Viewed through these lenses, this uplift may amount to punitive damages merely at the option of the claimant.
6. The want of just cause for this enrichment is even more apparent when considering that there is no limit for applying the multiple underlying the uplift. If the arbitral tribunal enjoys broad discretionary powers to decide on costs, what would the limit be to award a multiple of 5, 10 or even 20 times the amount spent by the funder?
Is it the ‘reasonability’ of those costs — or rather, of those funding conditions availing the uplift? Well, if that is the case, I may well trust in Sir Philip Otto’s judgement, but I really can’t predict what the judgement of Mrs. X or Mr. Y will be in coming arbitrations.
7. These considerations have a direct impact on the arbitration setting, for the uncertainty that this award conveys.

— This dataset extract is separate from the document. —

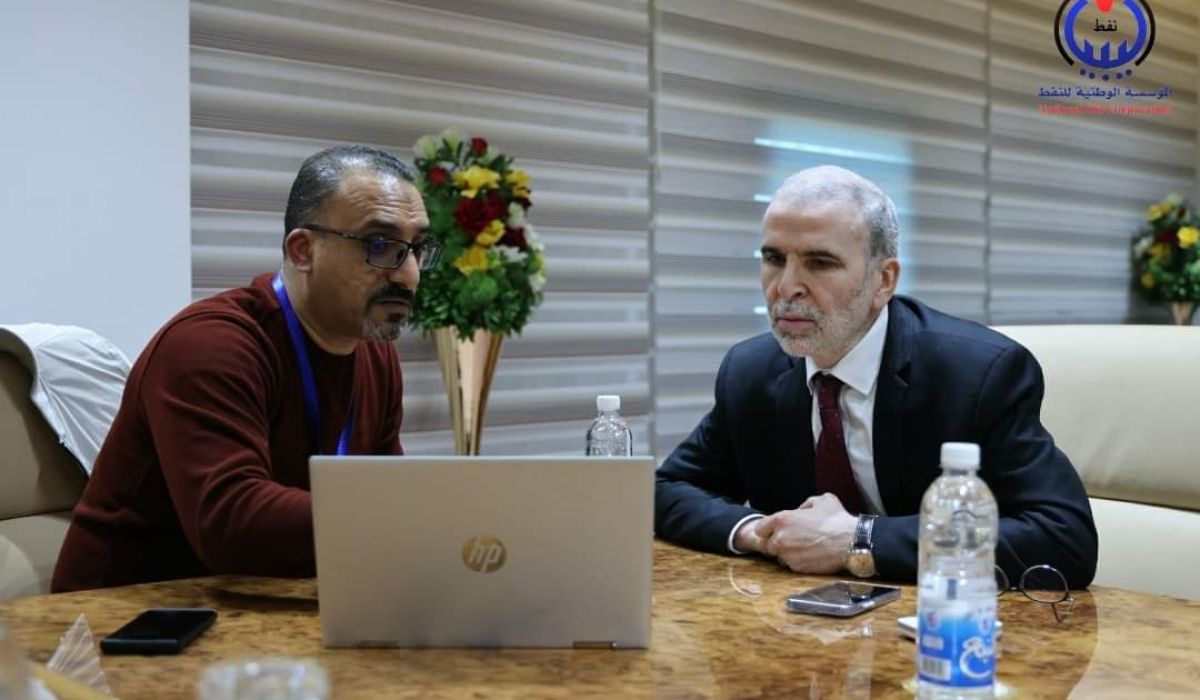 برامج تطوير أعمال الشركة لزيادة معدلات الإنتاج واستدامته محور اجتماع "صنع الله" مع شركة الخليج العربي للنفط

Indeed, the uncertainty arising from this award and the criteria underlying it will certainly be a deterrent to arbitration. It is now well known that one of the most serious arguments that arbitration detractors level against this mechanism of resolving disputes is precisely the unpredictability of the final decisions.
8. Further, the perspective of being ordered to pay costs and the funders’ uplift will certainly give rise to earlier requests to the parties to disclose if they are resorting to TPF, the identity of the funder and, more acutely, the details of the funding arrangement. Otherwise, the losing party may face a ‘surprise request’ (if not a ‘surprise decision’) at the very end of the proceedings.

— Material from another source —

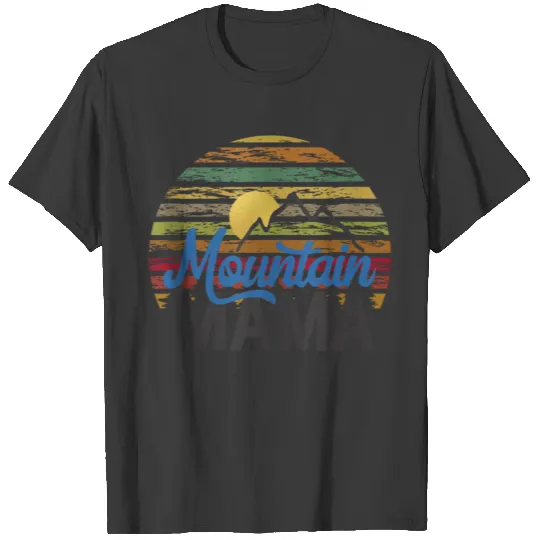 mountain mama camping for mothers day T-shirt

In the light of this recent decision, this might be a helpful advice. Applications in numerous arbitrations will certainly follow.
For the funders, the worse part of this is that I can’t possibly think of a reasonable argument to refuse such disclosure. This is indeed the final argument for the ‘full-disclosure-wingers’ in international commercial and investment arbitration.
Moreover, if funders are better off with this award/court decision and if, through this means, they are entitled to recover the uplift from the losing party, why not make this reasoning extensible for other purposes? Indeed, ‘ubi commoda, ibi incommoda’ — who benefits from a legal regime must also endure the downside of it. I am obviously thinking about the liability of funders for the costs of arbitration when their funded parties lose their cases and are ordered to pay the costs therefrom.
Thus, third party funders now have a double-edged sword in their hands.
9. Finally, the above-mentioned considerations have been premised on the typical cases of funding sought by claimants. However, there is still room for certain types of contingent fees for respondents’ counsel (and therefore, for funders who might fund these arrangements).
10. It is true that the arbitrator’s award on costs (and the court judge’s decision upholding such award) was driven mainly on considerations of the Respondent’s “reprehensible” conduct prior to the initiation of the arbitration. Whether or not such conduct was in fact “reprehensible” is a question that likely relates to the merits of the dispute, but in any case it should not have been used in a fashion that resonates to a punishment rather than a true compensation for actual damage suffered by the claimant, or costs actually incurred by it.